#18 – The Dilemma – 1982

Written by Russell Burrows:

Now just what does a person do when they have stumbled onto something like this? Should you make a mad dash to the local newspapers and report the fact that a cave has been discovered? I would advise against it, at least until you know more about it. At the time I didn’t know whose land it was on, and there is always the possibility of hordes of curious people crowding in. Things could disappear at a rapid rate before somebody took charge, and then it could be the wrong people. I decided to move slowly. I couldn’t let the whole world know, but I figured I should get to the proper authorities. After all, you would think there are many people in the relevant scientific fields who are out there just waiting for someone to make this kind of discovery, so that it can add one more piece to the puzzle of human existence on earth. Well, this does not seem to be the case.

It seems that what you are supposed to do is turn everything over to someone else and then fade out of the picture. Well, the find makes it a part of me, and I want to be in on each step of the discovering, not in the way, but in on it. Unless you are willing to relinquish all your rights, all your time, expense, ingenuity and efforts to the scholars and then back away from it all, you are called a fraud and a liar, or at best just a publicity seeker.

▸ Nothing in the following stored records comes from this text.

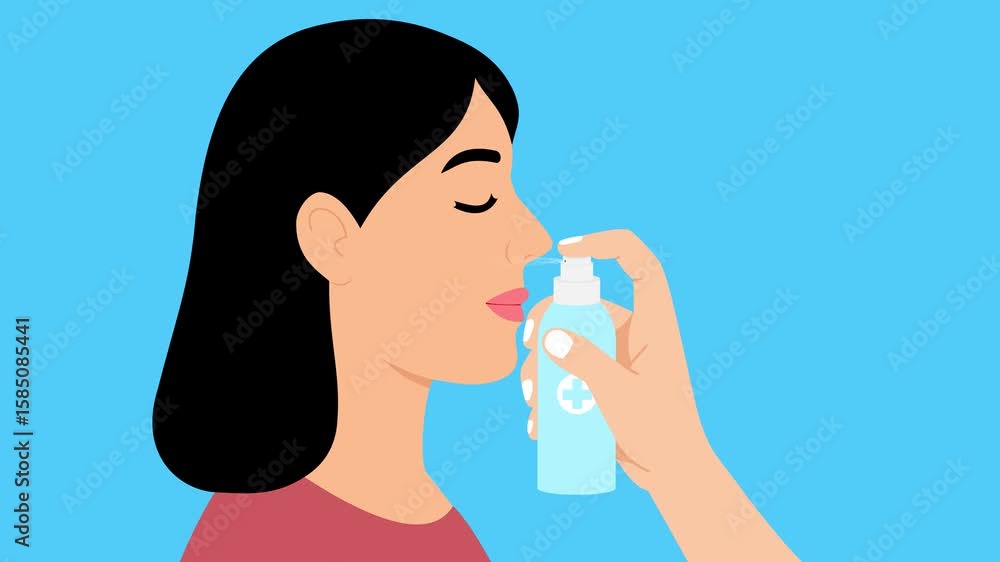 Woman Using Nasal Inhaler Spray – Flat Vector Medical Animation Woman Using Nasal Inhaler Spray – Flat Vector Medical Animation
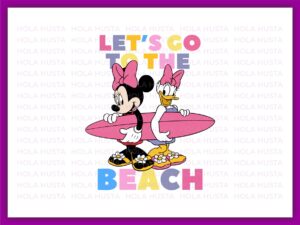 Retro Let's Go To The Beach Svg Image, Summer Trip Family Trip Disney PNG Sublimation DTF DTG Design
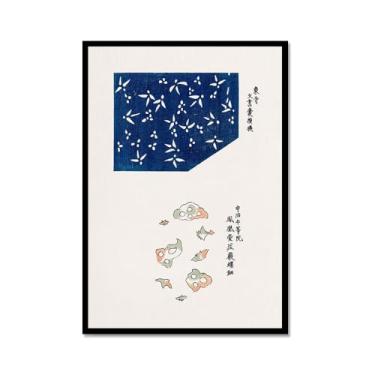 Imagem de Galeria japonesa impressões de arte de parede vintage onda Ukiyo-e pôster Katsushika Hokusai Kanagawa pintura em tela sala de estar decoração de casa (SKU6,12 x 45,7 cm = (30 x 45 cm), moldura de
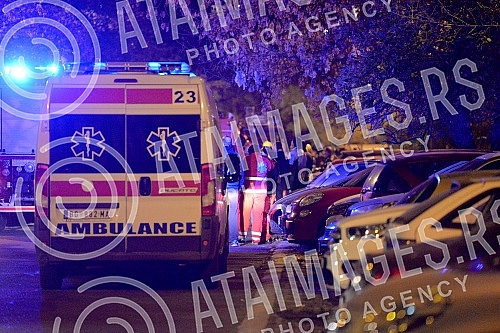 A fire in a residential building in Block 63 in New BelgradePozar u stambenoj zgradi u bloku 63 na Novom Beogradu.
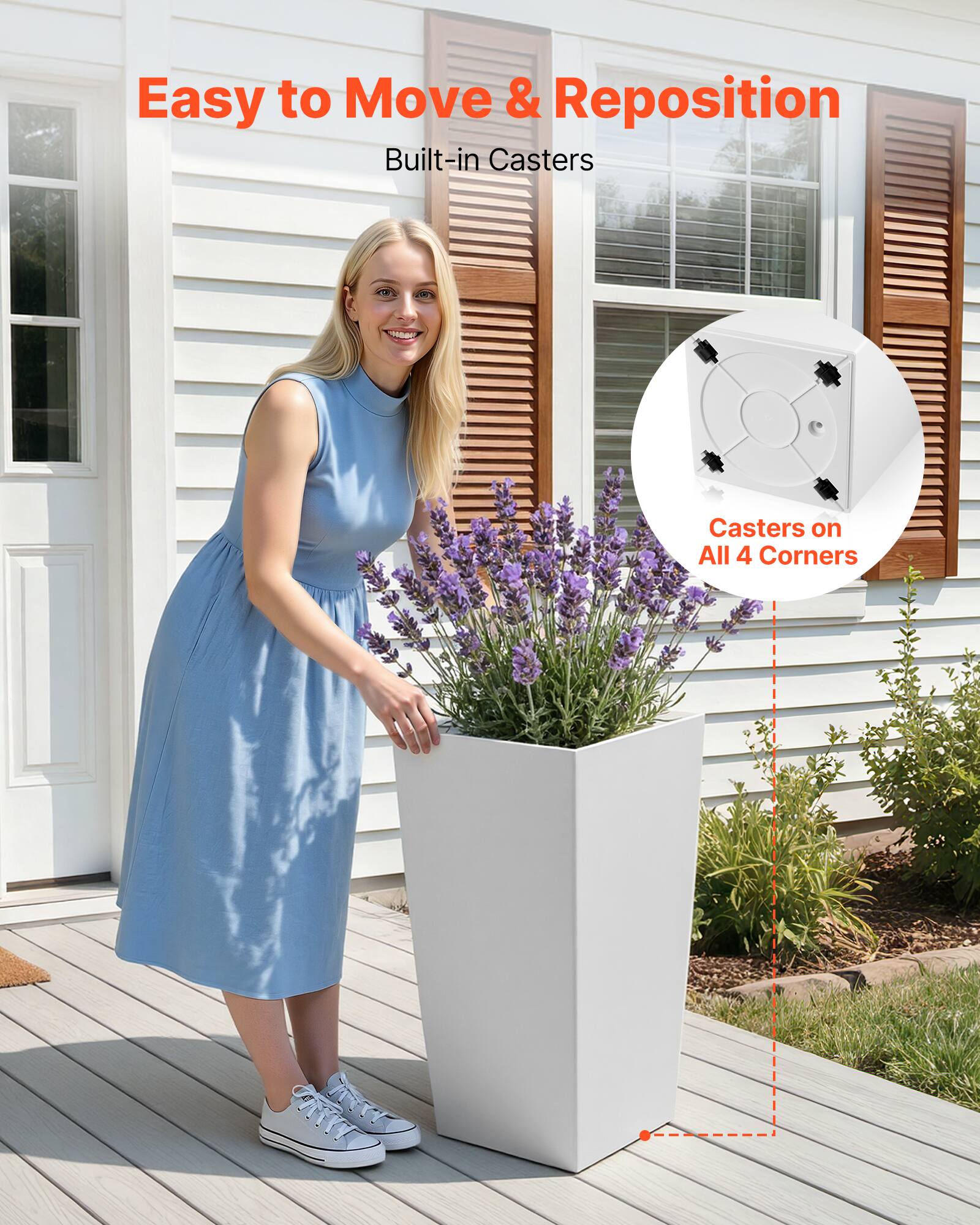 Easy to Move & Reposition  
Built-in Casters  
Casters on All 4 Corners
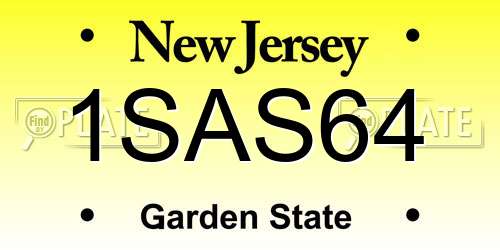 1SAS64 New Jersey License Plate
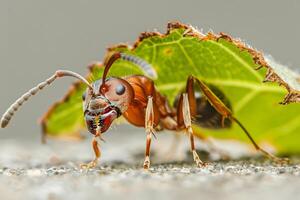 Red Wood Ant Carrying Leaf Close-Up View of Insect's Strength and Amazing Detail, Nature's Tiny Architect Demonstrating Incredible Power in its Natural Habitat. photo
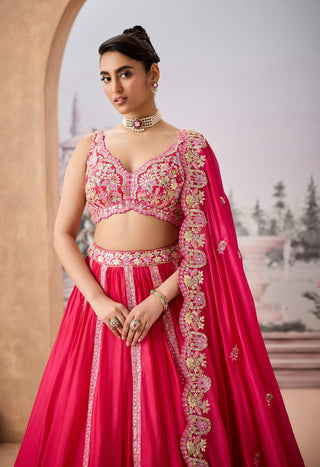 Hot Pink Silk Lehenga Set by Aneesh Agarwaal available on Indiaspopup.com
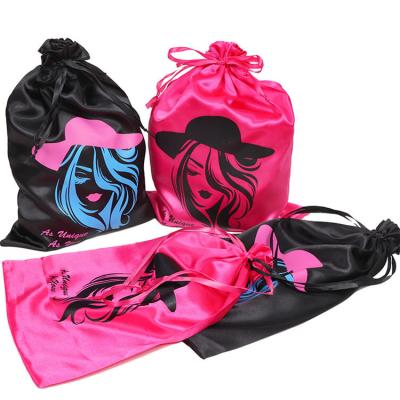 China Custom WIG logo private label hair wigs bundles jewelry packaging satin drawstring silk pouch for sale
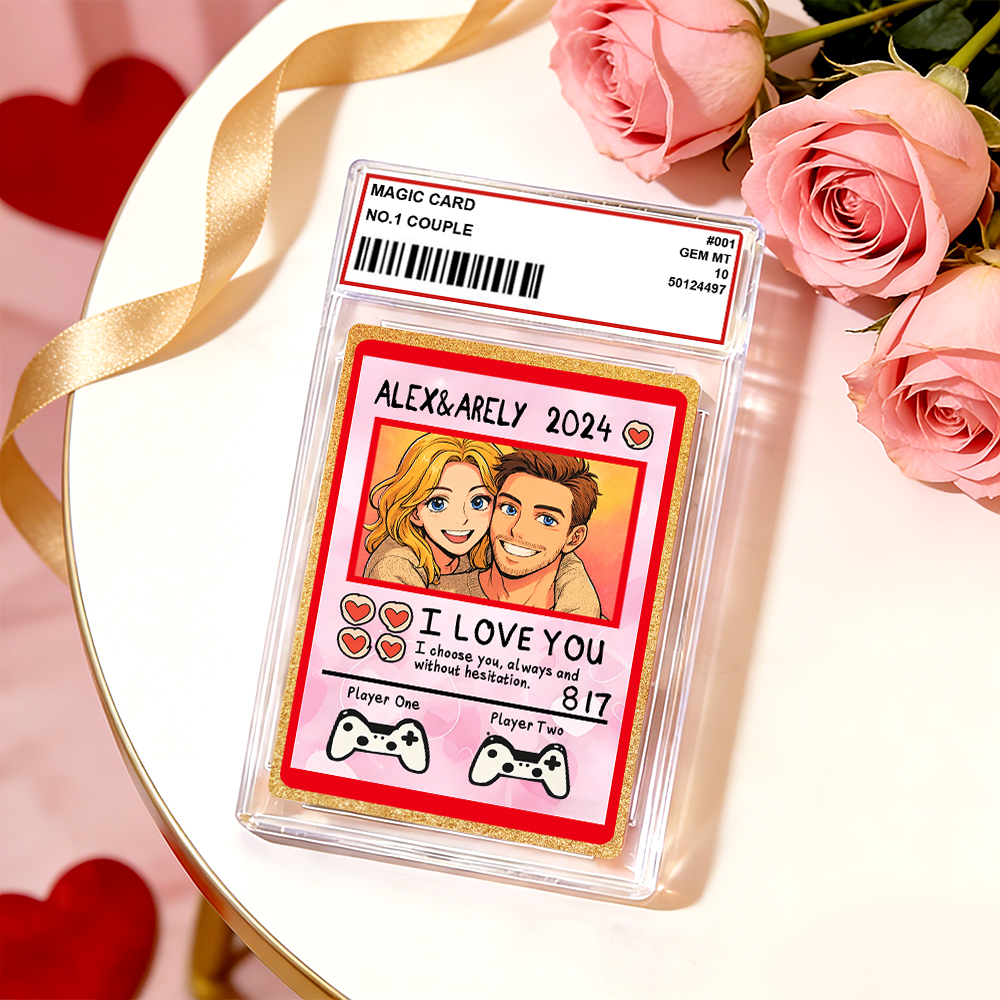 Personalized Valentine’s Day Power Couple Card, Custom Anniversary Card Couple Photo Anime Style, Best Valentine's Day Gift for Lover - auphotoblanket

And even if you do turn it over, you are liable to be told that your discovery is of no value. Then it may lay quietly hidden away and forgotten, possibly for no other reason than that it just doesn’t fit into the over-all criteria in which academia is entrenched. Believe me, I speak from first-hand knowledge and experience. There are true open-minded, investigative scientists out there, but they seem to be in the minority. And how do you find them?

While I did not turn everything over I did try to do what I thought was the right thing. I reported the cave and its contents to some scholars, and presented some of the artifacts to them for their consideration. Their reaction was that the whole thing was a phoney, and if not phoney it certainly was not old.